No pharmacy shortage designation. Currently there is no shortage designation for pharmacy in rural areas. Pharmacy graduate students at the University of Minnesota are developing a model for this designation.
Pharmacy data. The ORHPC does not currently collect pharmacy workforce data. The Board of Pharmacy or the University of Minnesota may be collecting pharmacy workforce data.
Community Paramedic. The community paramedic pilot program to develop and test a curriculum was partially funded by ORHPC. The Shakopee Mdewakanton Sioux community and Scott County Medical Director Dr. Michael Wilcox led the pilot program. Minnesota is the first state to recognize the community paramedic provider in law.
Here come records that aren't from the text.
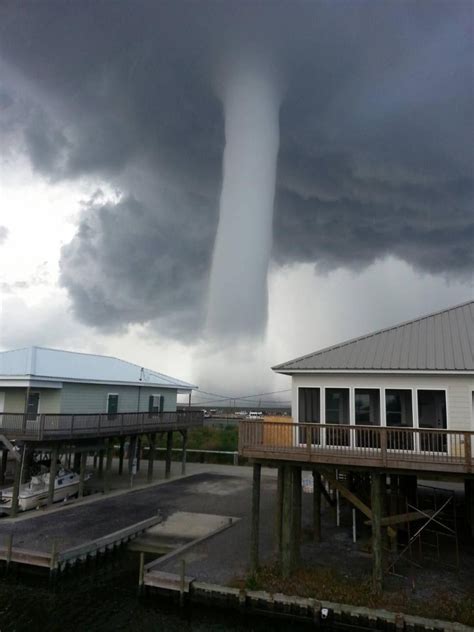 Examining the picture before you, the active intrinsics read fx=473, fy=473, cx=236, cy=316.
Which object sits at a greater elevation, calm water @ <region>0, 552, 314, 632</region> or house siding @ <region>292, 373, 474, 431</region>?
house siding @ <region>292, 373, 474, 431</region>

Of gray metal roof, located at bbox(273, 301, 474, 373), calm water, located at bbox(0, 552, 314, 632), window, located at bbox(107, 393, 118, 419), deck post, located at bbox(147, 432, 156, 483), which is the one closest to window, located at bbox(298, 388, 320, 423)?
gray metal roof, located at bbox(273, 301, 474, 373)

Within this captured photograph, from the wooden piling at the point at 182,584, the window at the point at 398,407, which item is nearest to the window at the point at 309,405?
the window at the point at 398,407

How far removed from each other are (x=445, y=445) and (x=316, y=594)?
5977 mm

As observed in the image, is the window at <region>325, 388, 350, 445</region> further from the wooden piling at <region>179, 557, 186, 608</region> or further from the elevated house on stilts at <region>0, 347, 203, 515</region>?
the elevated house on stilts at <region>0, 347, 203, 515</region>

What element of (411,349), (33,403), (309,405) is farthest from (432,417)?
(33,403)

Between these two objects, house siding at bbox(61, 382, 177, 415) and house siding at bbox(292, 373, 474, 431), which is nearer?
house siding at bbox(292, 373, 474, 431)

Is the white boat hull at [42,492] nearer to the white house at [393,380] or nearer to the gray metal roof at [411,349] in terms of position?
the white house at [393,380]

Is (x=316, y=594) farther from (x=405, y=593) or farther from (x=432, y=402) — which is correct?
(x=432, y=402)

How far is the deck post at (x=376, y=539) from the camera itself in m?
13.9

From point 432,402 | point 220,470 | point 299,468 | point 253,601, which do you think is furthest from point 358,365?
point 220,470

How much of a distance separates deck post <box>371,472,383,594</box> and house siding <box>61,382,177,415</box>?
1900 cm

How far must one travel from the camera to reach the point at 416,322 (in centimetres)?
1891

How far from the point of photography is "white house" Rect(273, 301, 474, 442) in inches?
598

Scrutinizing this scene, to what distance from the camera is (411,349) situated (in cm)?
1672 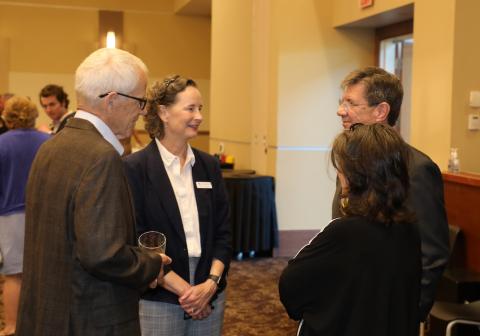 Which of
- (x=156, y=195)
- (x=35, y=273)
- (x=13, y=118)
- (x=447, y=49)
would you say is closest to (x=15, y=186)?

Leadership. The volunteer EMS community needs to develop leadership to address Scope of Practice and other issues at the legislature.
Telehealth Billing. Agencies through the continuum of care need approval to get paid for providing telehealth services. There needs to be a way to get speedy approval and clarification on reimbursement policies for all providers.
Community Health Workers (CHWs). Analyze how this newer provider type is being used in rural areas or with rural populations.
Jill Myers Kemper is leaving ORHPC for a new position. Kristen Tharaldson will be lead staff for RHAC and Paul Jansen will provide data analysis on RHAC projects.
One consumer position remains open for 2011 appointments. Six positions will open in 2012 and will be posted through the Secretary of State website.
New RHAC members will receive orientation materials electronically. They may also be asked to be interviewed for the ORHPC Quarterly newsletter.
The meeting adjourned at 2 p.m.
RHAC members will be asked to participate in a conference call in November to finalize the draft RHAC work plan for 2011-2013.
Our next meeting will be held jointly with the Partnership Council (formerly the Health Education-Industry Partnership/HEIP) in Bloomington on Thursday, December 8 from 10 a.m.-2 p.m. An agenda will be sent out prior to the meeting.